『新語・流行語大賞』2020、コロナ禍で芸人不遇の年に やくみつる氏が推すぼる塾も落選「心の糧だった…」

流行語大賞候補の『まぁねぇ〜』を聞いたことがないという人にやくみつる氏が反論

記事まとめ

  • 流行語大賞に『3密』が選ばれ、トップ10に『あつ森』『鬼滅の刃』などが選出された
  • ノミネート語の『まぁねぇ〜(ぼる塾)』には聞いたことがないという声も出ていた
  • それに対し、やくみつる氏は「何を見ていた」と反論し「ぼる塾は私の心の糧」と述べた

『新語・流行語大賞』2020、コロナ禍で芸人不遇の年に やくみつる氏が推すぼる塾も落選「心の糧だった…」

『新語・流行語大賞』2020、コロナ禍で芸人不遇の年に やくみつる氏が推すぼる塾も落選「心の糧だった…」

『2020 ユーキャン新語・流行語大賞』発表会に出席したやくみつる (C)ORICON NewS inc.

その年話題となった新語・流行語を決定する年末恒例の『2020 ユーキャン新語・流行語大賞』(現代用語の基礎知識選)が1日に発表され、“年間大賞”に「3密」が輝いた。トップ10には「愛の不時着」「あつ森(あつまれ どうぶつの森)」「アベノマスク」「アマビエ」「オンライン○○」「鬼滅の刃」「GoToキャンペーン」「3密」「ソロキャンプ」「フワちゃん」が選出された。

 ノミネート語30には、「まぁねぇ〜(ぼる塾)」や「時を戻そう(ぺこぱ)」など芸人のネタが入っていたが、トップ10には残らなかった。選考委員のやくみつる氏(漫画家)は選評で「ぼる塾を(ノミネート語に)ねじ込んだんですけど…。うちで、あんなに流行った『まぁね〜』はなんだったんだろう…。30語が発表されてから『聞いたことがない』という人が結構いました。何を見ていたんだろう」と話し始める。

 「コロナで困窮している時にあおりを食ったお笑いの方は映像的な技術を駆使したりして頑張っておられた。いつにも増して、実はお世話になっていた。そういう年ではないか」とコロナ禍でお笑いが心の拠りどころになって人が多かったのではないかと推察。それでも、同賞は、新型コロナウイルスに関連する語が多くを占めた。やく氏は「ぼる塾は私の心の糧だった。お招きできなかったのは誠に残念」と芸人にとって不遇な年になったことに唇を噛み締めていた。

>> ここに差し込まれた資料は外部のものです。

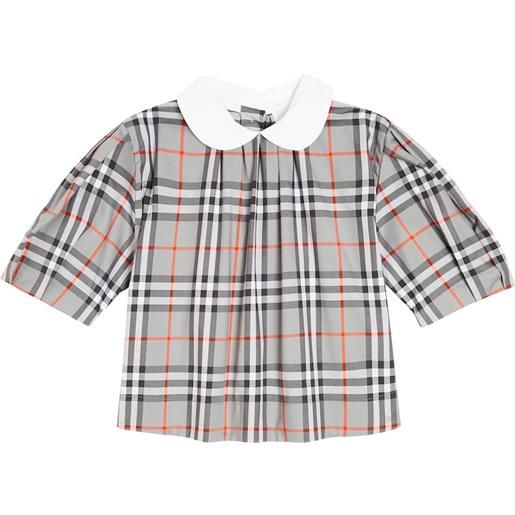 Burberry Kids blusa in misto cotone a quadri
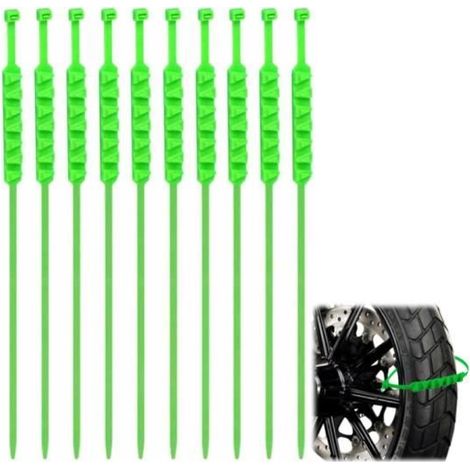 Lot de 10 chaînes de pneus de moto, serre-câbles pour pneus de neige, réutilisables, réglables, anti-neige, outil de chaîne de pneu (1/4)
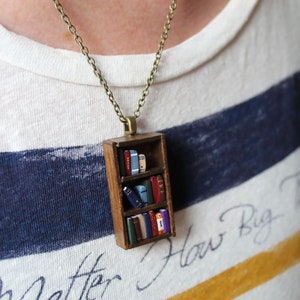 Bookshelf Necklace Little Antique Bookshelf Book Jewelry by Coryographies Made to Order image 7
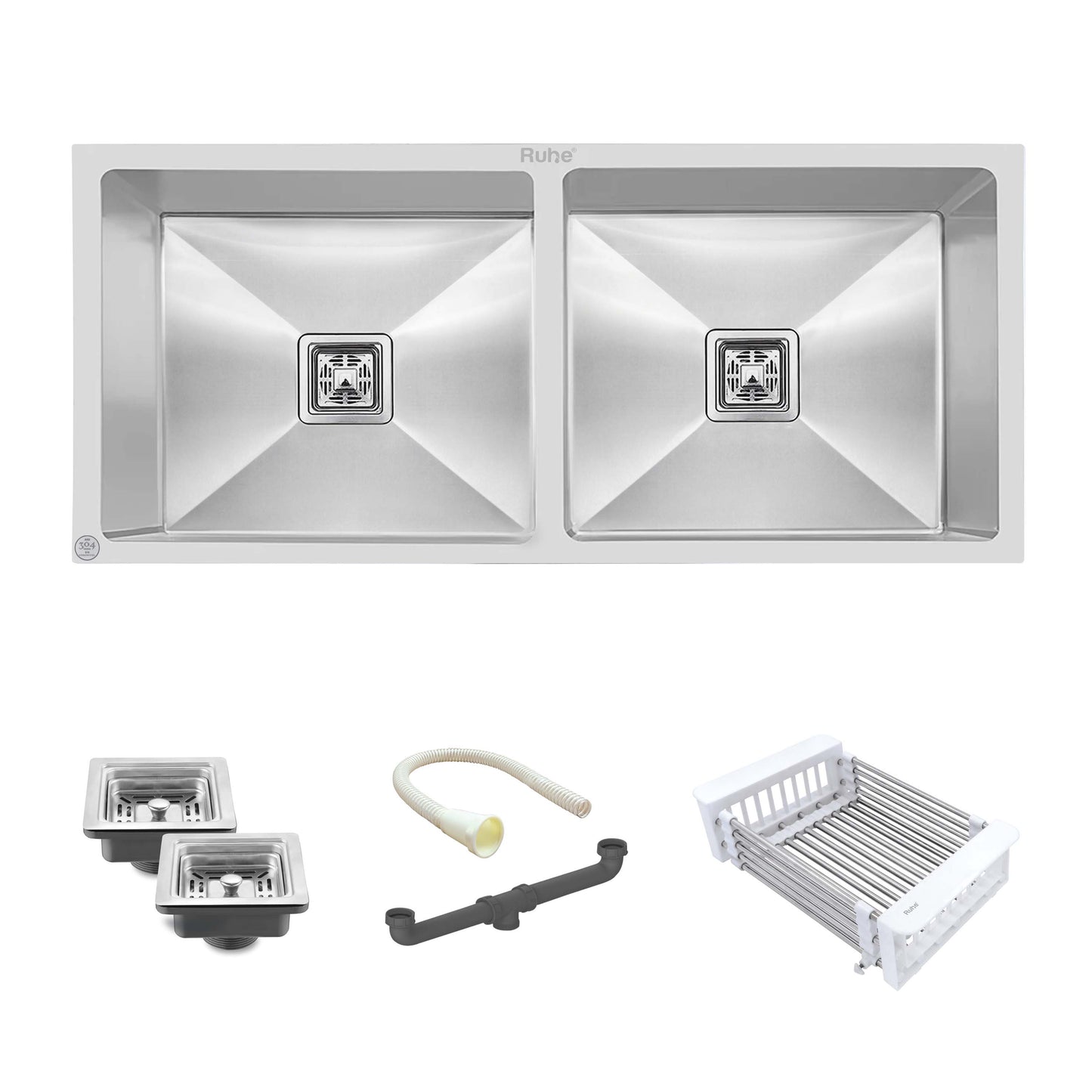 Handmade Double Bowl Kitchen Sink (45 x 20 x 10 Inches)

 “年間大賞”に輝いた「3密」は、厚生労働省などが呼びかけた新型コロナウイルスの感染防止を目的とする新概念、新習慣。ただ、当初広がりを見せなかった。そんな折、東京都の小池百合子知事が殺到する報道陣に“密です”を連呼したことが報じられると、ネット上で話題となり、ツイッターには発言を題材にした投稿が相次いだ。個人開発によるゲームも登場し、ゲーム紹介動画は1週間で830万回以上再生されたという。

 選考委員の一人、言語学者の金田一秀穂氏は「“3密”は健気な日本語である。結婚の条件としての“3高”。大変な肉体労働を表す“3K”。いくつかある大切な項目をまとめる言い方が日本語にはあって、得意技ともいえる。この悲劇的厄災の中にあっても、日本語はその特性を発揮して注意すべき心得をまとめて表し、予防を喚起した」と評した。

 やく氏以外の選考委員は、姜尚中氏(東京大学名誉教授)、金田一秀穂氏(杏林大学教授)、辛酸なめ子氏(漫画家・コラムニスト)、俵万智氏(歌人)、室井滋氏(女優・エッセイスト)(50音順)と、大塚陽子氏(「現代用語の基礎知識」編集長)。